There are real dangers associated with this, however, and York is now feeling the effects of this head on. The staff and students who are on strike feel no long-term investment in York or commitment to its success. The York “brand” is taking a crap-kicking in this strike (to use the technical term for it) but most of the people on strike have no reason to care. The grad students will all move on in a few years and most of the instructors on strike, as has been noted, have a short-term investment in their jobs. Note that in the forced vote that just occurred, support for the continued strike was lowest among instructors. I’d bet, if the information could be isolated, that long-term instructors who have the reasonable expectation of a continuing relationship with York (even lacking any guarantee of one) support the strike less than anyone. They’ll still be around to clean up the mess and to live with the consequences, long after everyone else has moved on.
So this is issue two. The more universities rely on a casual workforce with no investment in the long-term health of the institution, the more they will be vulnerable to bitter and destructive labour actions. You can blame CUPE for this, and fairly point out that they don’t seem to care about what they are doing to York and to York’s students. But you can also blame York itself, for increasingly moving the bulk of instructor duties into the hands of people who have no real reason to care.
Issue Three – Saturation of the PhD Market
One of the points that’s been oft-repeated during this strike is that we’re talking about future PhDs and professors, and it’s awfully hard to rouse sympathy for the plight of these very privileged people. After all, it’s a case of “short-term pain for long-term gain” as someone put it lately, and even if graduate students live in poverty during their studies, they will surely reap the benefits in the future. Similarly, contract instruction can be seen as simply a period of unstable employment before PhD grads find better and more stable positions.
Well, that’s just not true anymore. Ask any university professor and they’ll give you the low down. Some decades ago, newly minted PhDs were getting recruited like nobody’s business. Just like computer programmers back before the tech market went bust, almost anyone qualified could walk into a good job. These days, the employment pickings are slim indeed. And so PhD students and recent grads aren’t willing to accept the “short-term pain for long-term gain” argument. It’s simply not plausible any more.
Now as many folks have pointed out, things are rough all around. There’s an obvious shortage of guarantees out there on the job market and there’s no special reason why PhD grads should be the exception. But in this case they do have at least one good reason to feel especially bitter about it. And that is that the oversupply of qualified workers, in this case, is being created by the very employers who then turn around and offer them only poorly-paid (in relative terms) short-term jobs with no benefits and few prospects.

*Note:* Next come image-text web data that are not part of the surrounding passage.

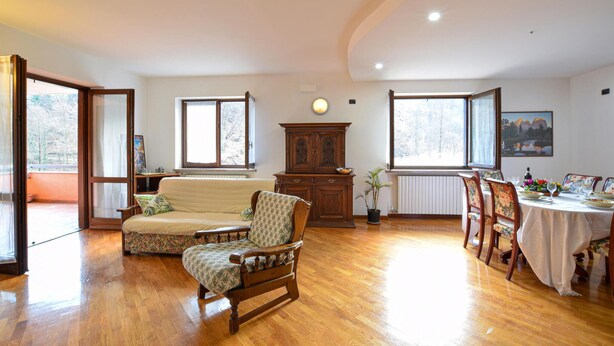 A spacious living room with a wooden floor, a sofa, a wooden chair, a dining table set for four, and a large window with a view of trees.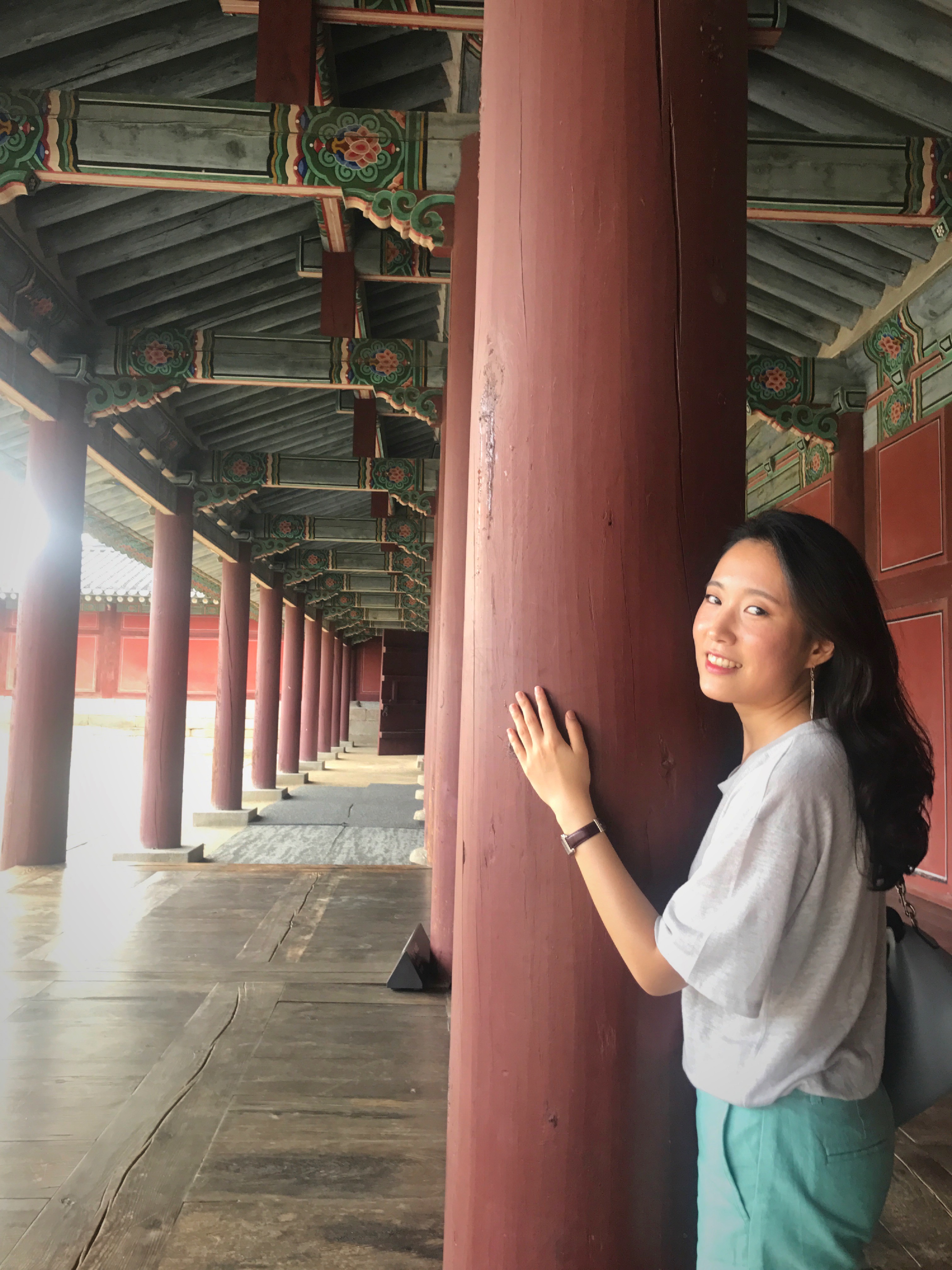 A young Asian woman with long black hair is leaning against a pillar in the Korean palace's hallway.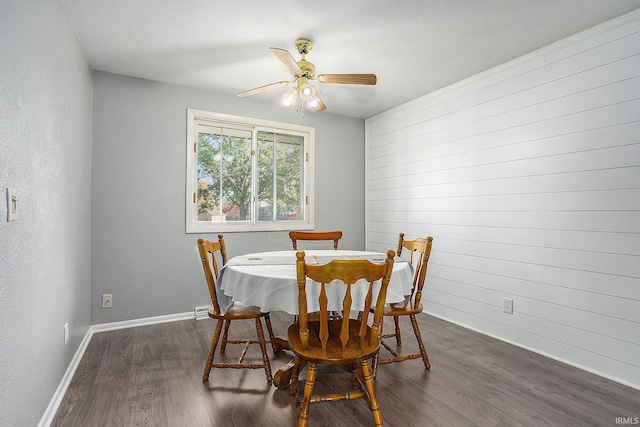 dining room with dark wood-type flooring, a ceiling fan, and baseboards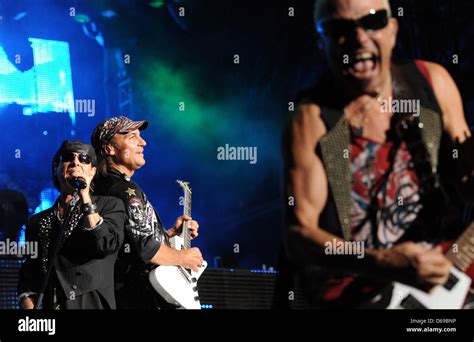 Singer Klaus Meine L And Guitarists Rudolf Schenker R And Matthias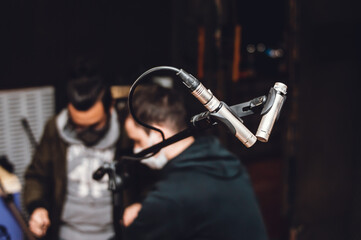 two condenser microphones mounted on a tripod, with two people blurred in the background.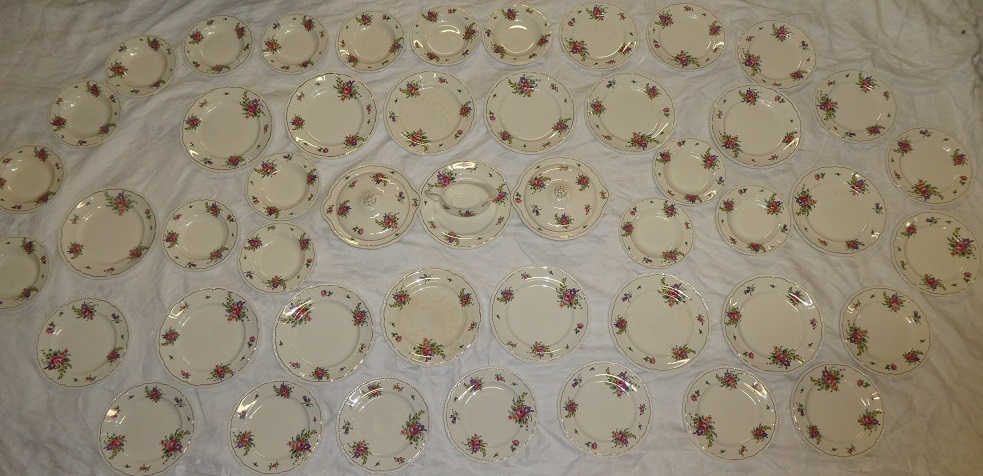 A Bristol pottery part dinner set with floral decorated borders comprising a pair of circular two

Remember that universities are simultaneously the producers of PhD grads and are also, in many fields, the only real employment market for them. Some graduates in more applied fields have the opportunity to go to work for private employers, and they aren’t quite a captive workforce in the same way, but in many fields it’s barely an option at all.
I can’t imagine any solution for this problem. The academic marketplace is so small that it’s effectively a global concern. Even if Canada were to put strict limitations on the number of PhD slots available, it would make no real difference. But on a general level, “The Academy” (meaning the whole university establishment) has become irresponsible about the production of PhDs.
So issue three is that the employment market for professional academics is completely unlike any other. I can’t think of any other situation where a small cabal of employers has both a monopoly on the availability of work and also a monopoly on the production of qualified employees. If you were an employer in that situation, wouldn’t you be motivated to create an over-supply in the qualified workforce, or at least unconcerned about doing so? I know I would.
Conclusion
I’ve been trying hard not to pick sides in this strike. The truth is, I’m conflicted on any number of levels about what’s “right” here. But I do know it’s important to understand this strike, as best we can, and it can’t only be grasped from the perspective of either labour politics or educational politics. It’s a complicated amalgam of the two, and all the more challenging for that reason.
The uncomfortable punch line to all of this is the following. Absolutely none of the factors that I’ve cited are unique to York. It’s true all around that graduate students are poorly funded. They get enough to survive but not much more. It’s true all around that universities are increasingly reliant on casual workforces that have little or no long-term investment in the success and stability of their employers. They aren’t necessarily out to cause trouble, but when push comes to shove they have no particular reason to play nice. And it’s true all around that the job market for academics and PhD grads is quite bad. It’s not great for everyone else either, but then at least other workers are spared the feeling that their own institutions are complicit in creating the problem.
I leave you with those cheery thoughts. The problems are widespread and rooted in our institutional structures. I don’t know how to solve them, so I can only hope that wiser heads than mine are working on this. Because I do know for sure we aren’t going to find solutions if we continue to hang this situation either on the militancy of CUPE 3903 or on the stupidity of the York administration. It goes much, much deeper than that.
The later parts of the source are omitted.